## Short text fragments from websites

────

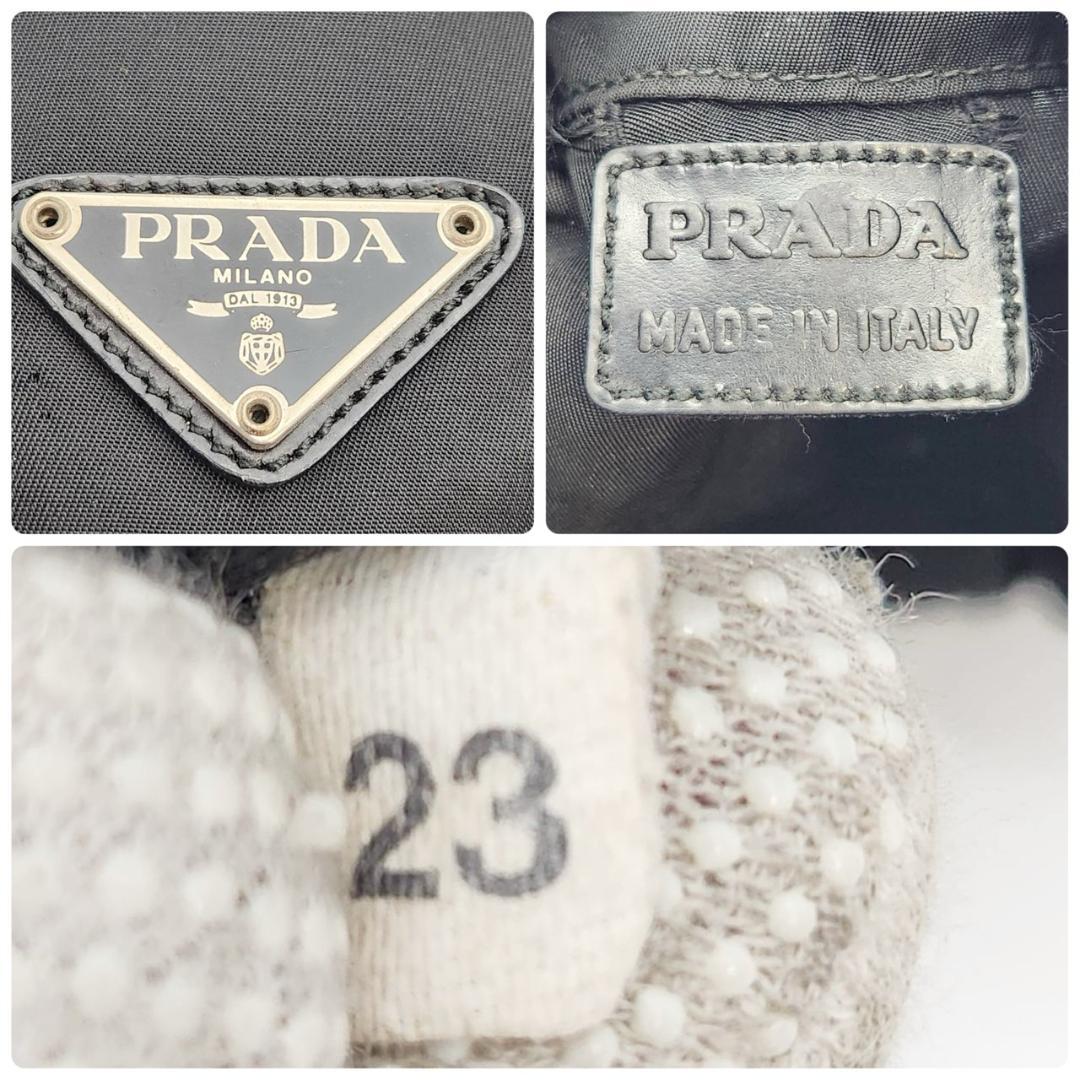 プラダ 巾着ポーチ ナイロン 三角ロゴプレート 近年 ミニバッグ 白タグ 良品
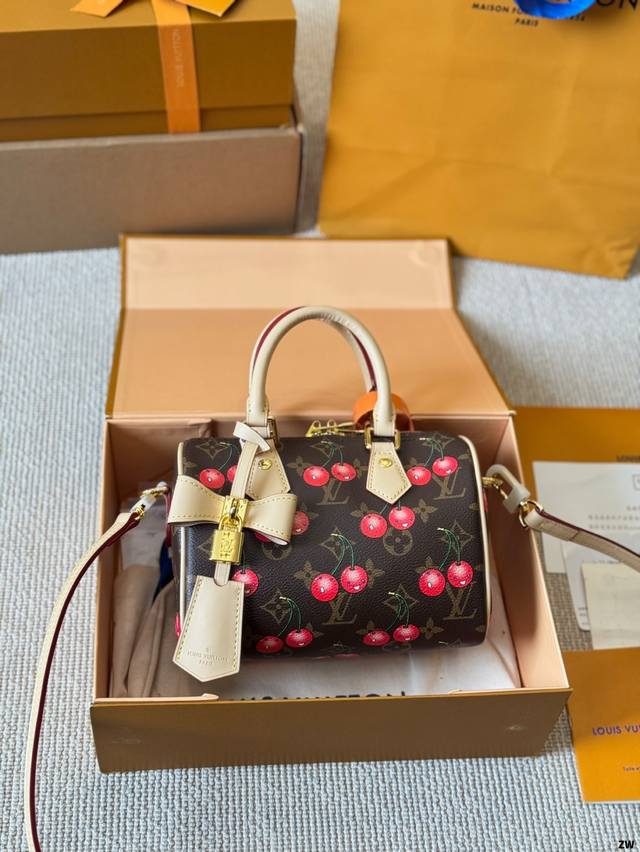 Cowhide version Lv Speedy 20 Cherry print pillow bag Lv new series City Keepal h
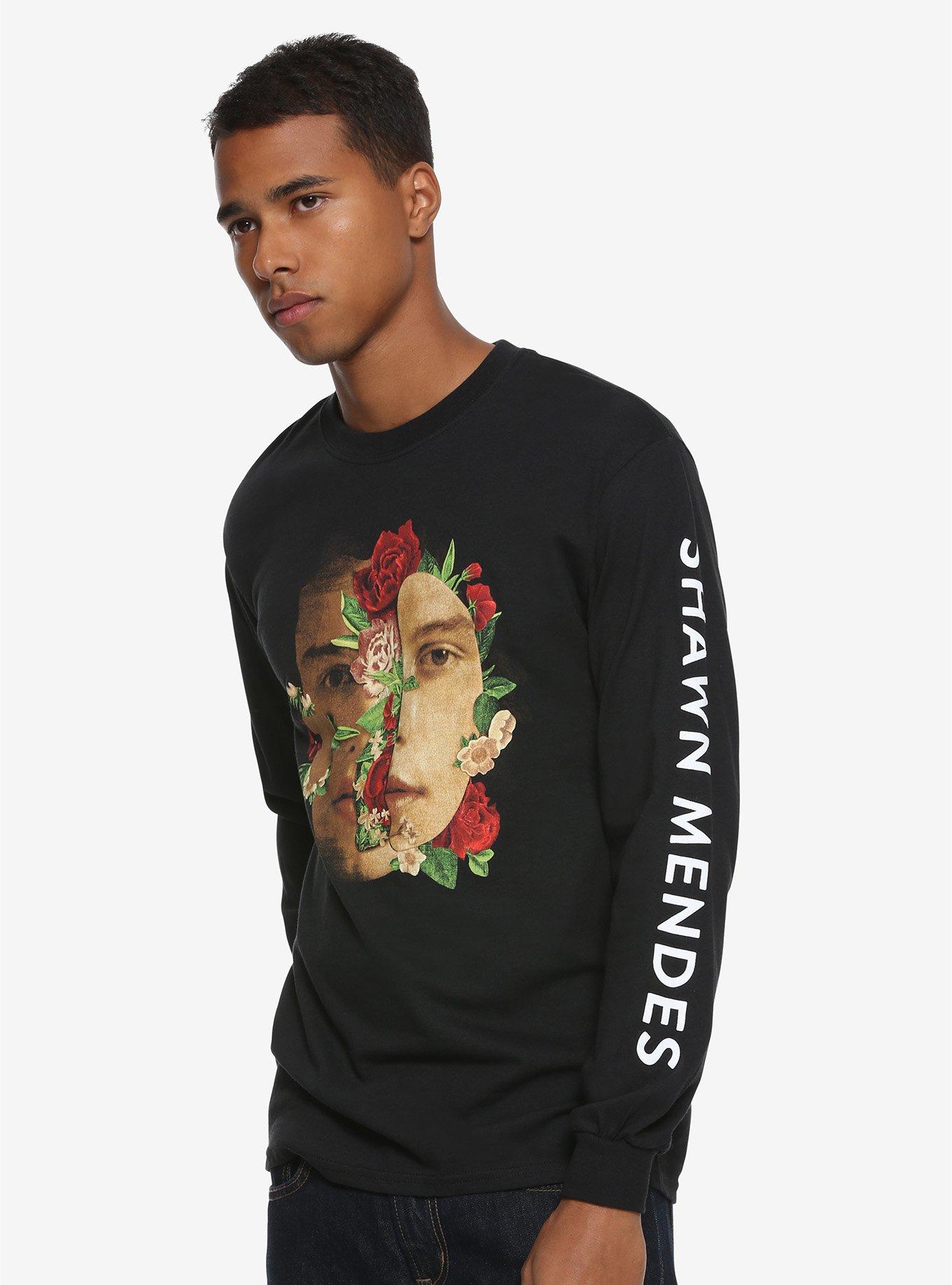 Shawn Mendes Flower Mask Long-Sleeve T-Shirt, BLACK, hi-res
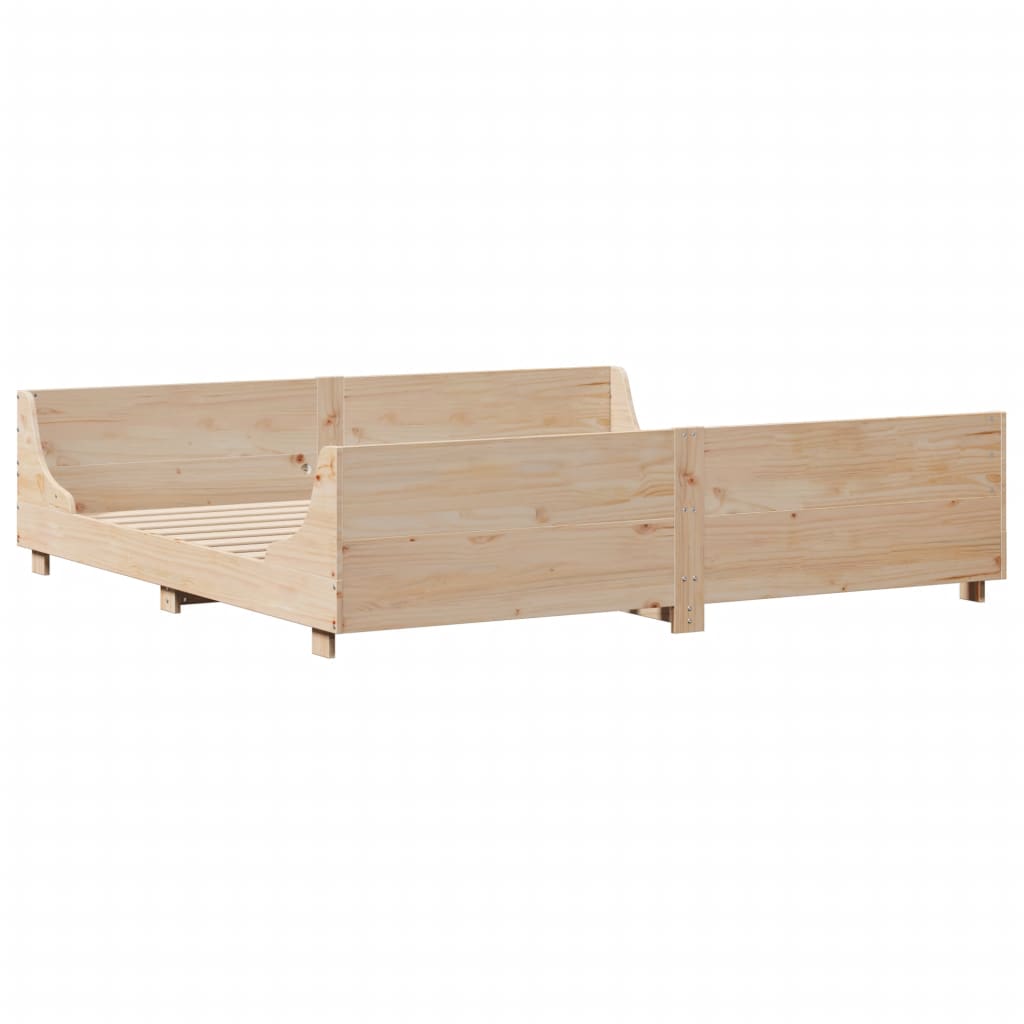 Cadre de lit sans matelas 180x200 cm bois massif de pin - XIOS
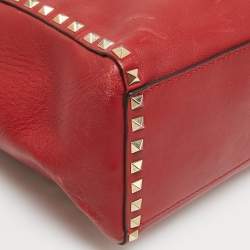 Pre Owned Valentino Red Leather Rockstud Trapeze Tote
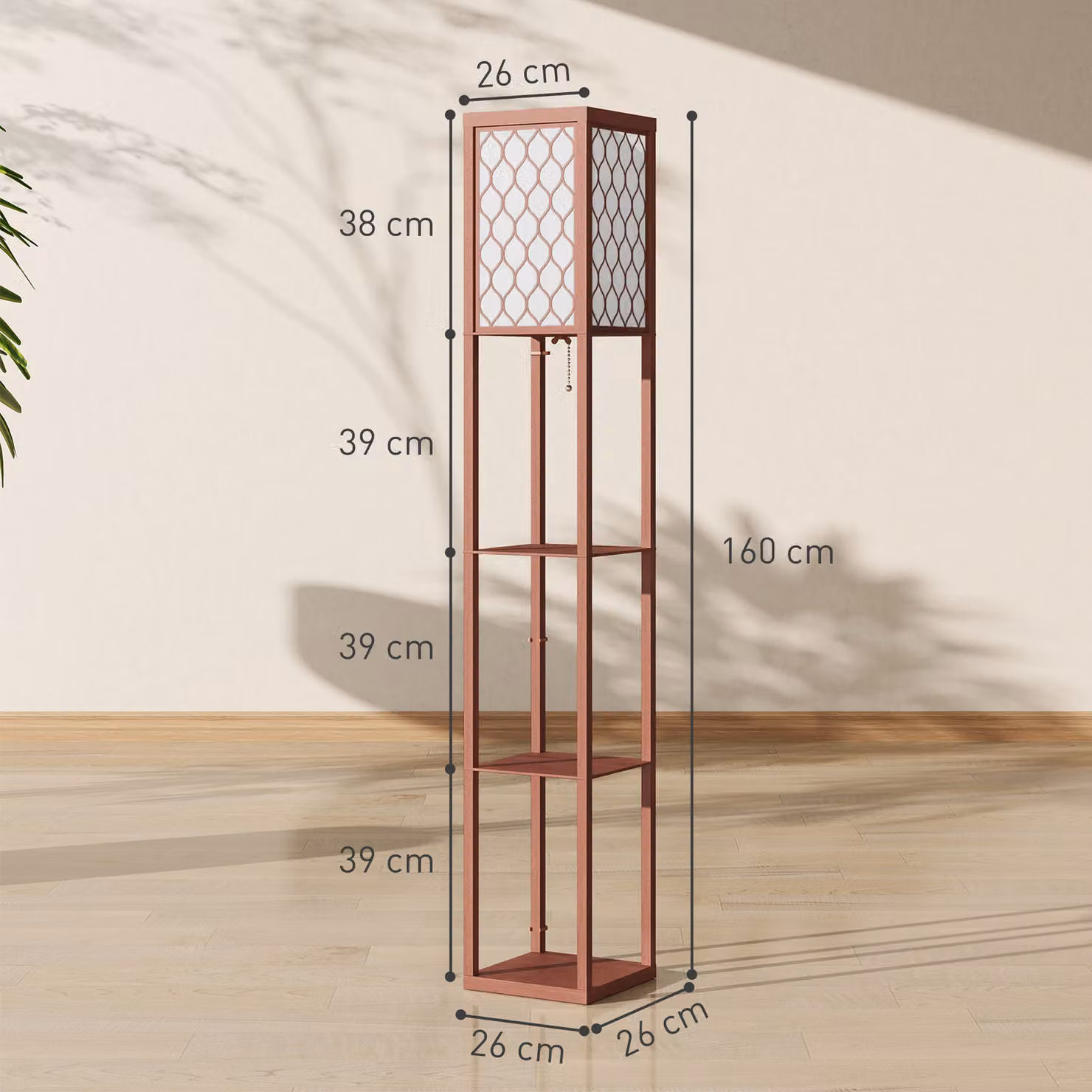 HOMCOM Three-Shelf Modern Floor Lamp in Brown and White with Fabric Shade and Pull Chain, H 160 x W 26 x D 26 cm – 3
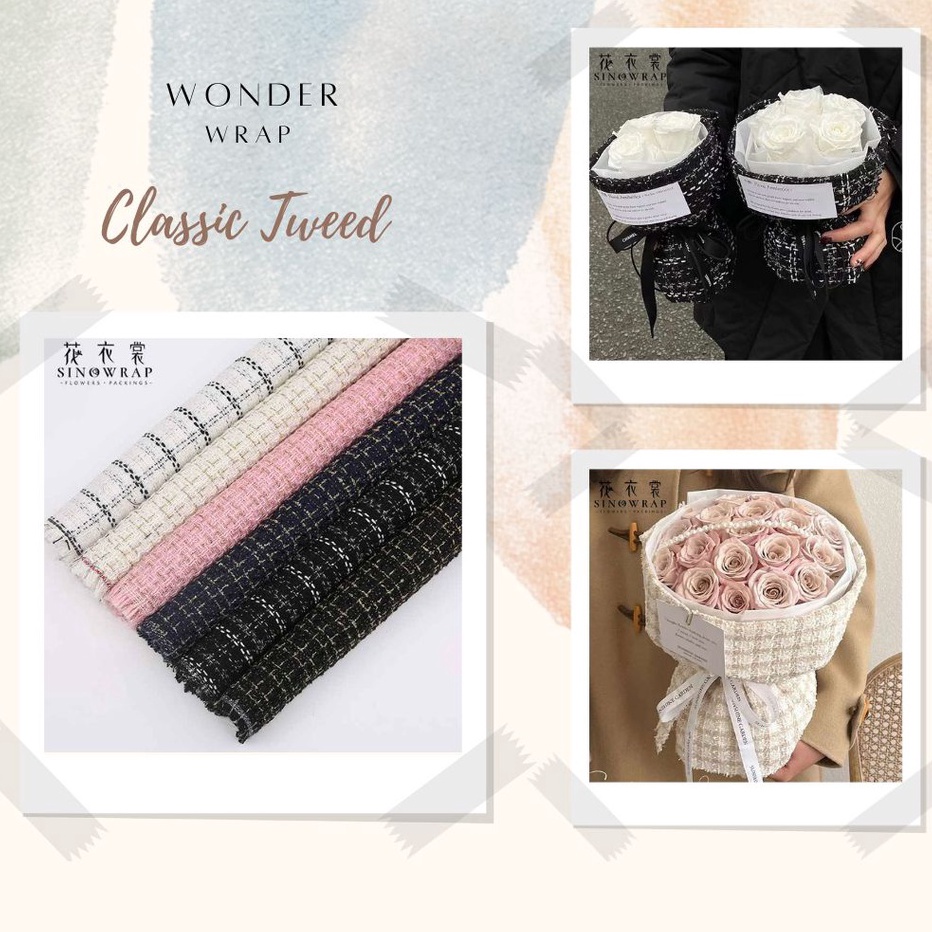 

HJ6 Flower Wrapping Kain Pembungkus Bunga Buket Classic Tweed untuk Hand Bouquet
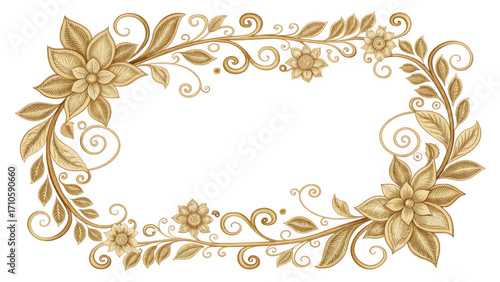 Ornate golden floral frame with swirling vines isolated on transparent background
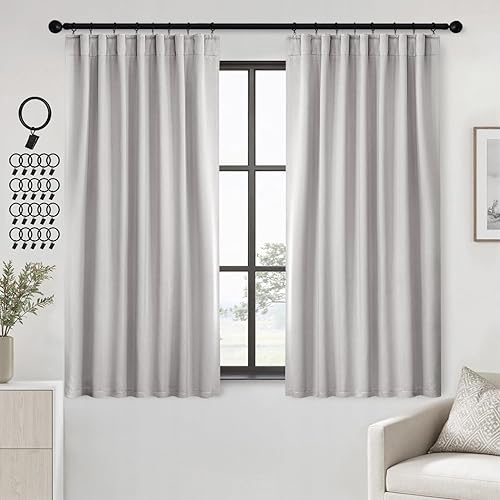 Miniatura 41 de ANRODUO - Cortinas opacas del 99% para dormitorio y sala de estar, con aislamiento térmico, trabillas traseras, bolsillo para cortinero, plisadas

────

## Directions for this task
What is needed is an exact copy of the lines from the beginning of the data through the line containing "Pre Owned Valentino", both included, without any pictures.

## Reply to the exercise
 プラダ 巾着ポーチ ナイロン 三角ロゴプレート 近年 ミニバッグ 白タグ 良品
 Cowhide version Lv Speedy 20 Cherry print pillow bag Lv new series City Keepal h
 Shawn Mendes Flower Mask Long-Sleeve T-Shirt, BLACK, hi-res
 Cadre de lit sans matelas 180x200 cm bois massif de pin - XIOS
 Pre Owned Valentino Red Leather Rockstud Trapeze Tote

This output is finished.